Mas o mais relevante, sobretudo no que diz respeito ao repertório português de ambas as atrizes, é a sua modernidade – para a época, claro: mas também a sua qualidade, e essa já não obriga a restrições cronológicas.
Senão, vejamos: Adelina estreou peças de Marcelino Mesquita, de D. João da Câmara, de Eduardo Swalbach, Bento Faria, Henrique Lopes de Mendonça, Vasco Mendonça Alves, Ramada Curto, entre outros mais. E sobretudo, pela qualidade e pela repercussão à época e ainda hoje, registe-se a estreia “escandalosa" de “O Lodo” de Alfredo Cortez em 1923 e de “O Gebo e a Sombra” de Raul Brandão, em 1927.
Ora, no mesmo registo se desenvolveu a carreira de Aura Abranches, com maior internacionalização de repertório, agora mais recetivo a autores e peças de outras origens. Mas evoquemos, no que se refere ao teatro de autores portugueses, além de alguns já citados – Schwalbach, Ramada, Cortez – Júlio Dantas, Chagas Roquete e autores estrangeiros de grande modernidade e ainda hoje de grande qualidade – por exemplo Alexandre Casona, Luigi Pirandello, Arthur Miller, este com “As Bruxas de Salem” que fez época no D. Maria II.
Mas importa ainda referir a intervenção de Adelina e Aura Abranches numa iniciativa aliás gorada mas notável no sentido da modernização. Tratou-se do chamado “Teatro da Natureza”, que em 1911 reuniu, no Jardim da Estrela, por iniciativa do cenógrafo e futuro professor do Conservatório e diretor do D. Maria II Augusto Pina, um grupo de artistas apostados ma atualização do repertório clássico, enquadrando-o numa versão moderna. Estrearam então a “Oréstia ” de Ésquilo, com um elenco notável: Adelina e Aura Abranches, Alexandre de Azevedo, Barbara Wolkar…

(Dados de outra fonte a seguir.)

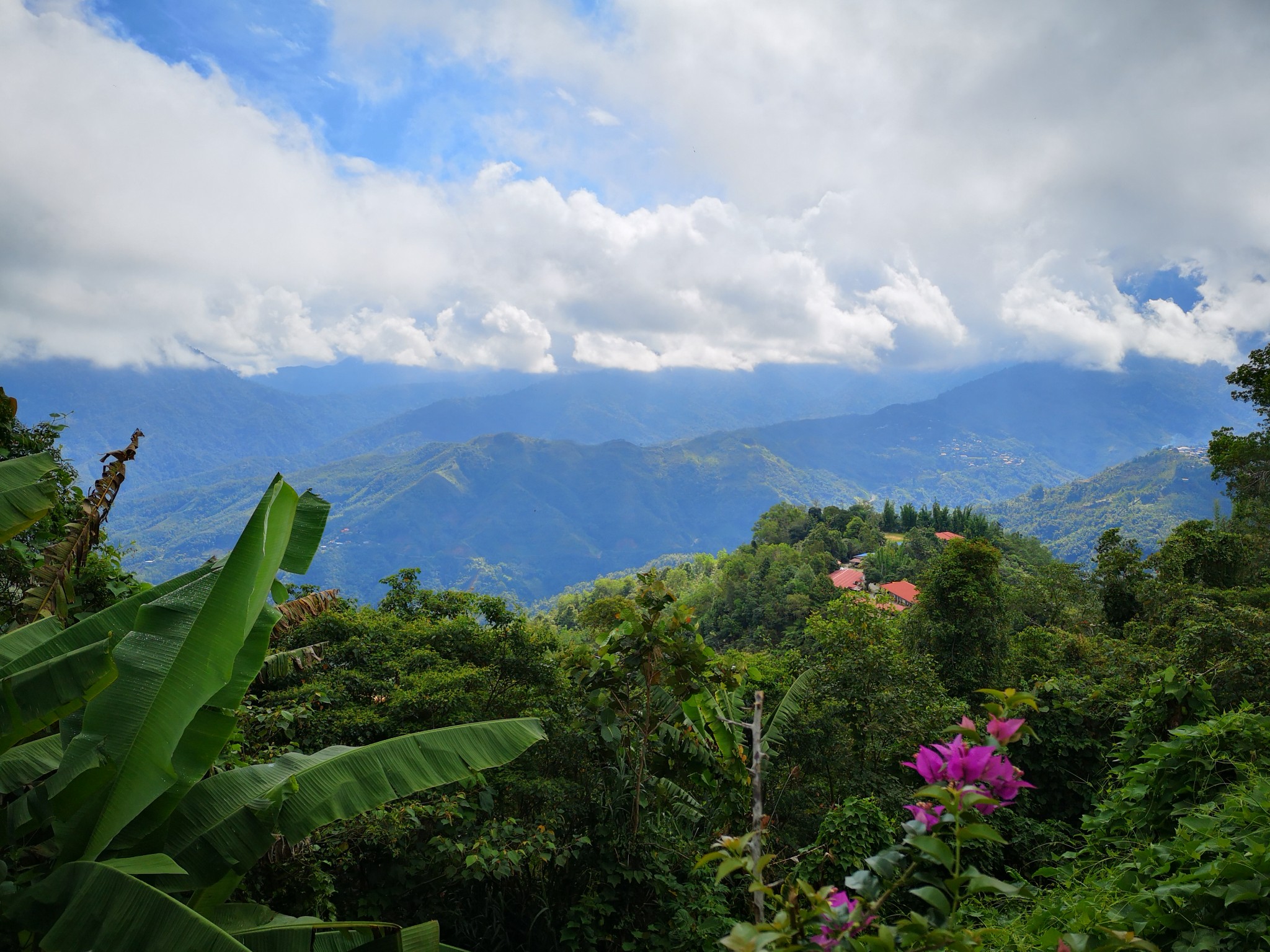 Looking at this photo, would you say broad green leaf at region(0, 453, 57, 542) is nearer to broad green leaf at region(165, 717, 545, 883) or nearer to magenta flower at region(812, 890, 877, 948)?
broad green leaf at region(165, 717, 545, 883)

Mas o espetáculo durou três dias!
(cfr. Luis Francisco Rebello “Dicionário do Teatro Português” Prelo ed pags. 72-74.e “O Teatro Simbolista e Modernista” ed. ICP 1979 pag. 86; Duarte Ivo Cruz “História DO Teatro Português” ed. Verbo 2001 pag.240; Gloria Bastos e Ana Isabel E. Teixeira de Vasconcelos “O Teatro em Lisboa no Tempo da Primeira Republica” ed. MNT 2004 pag.146).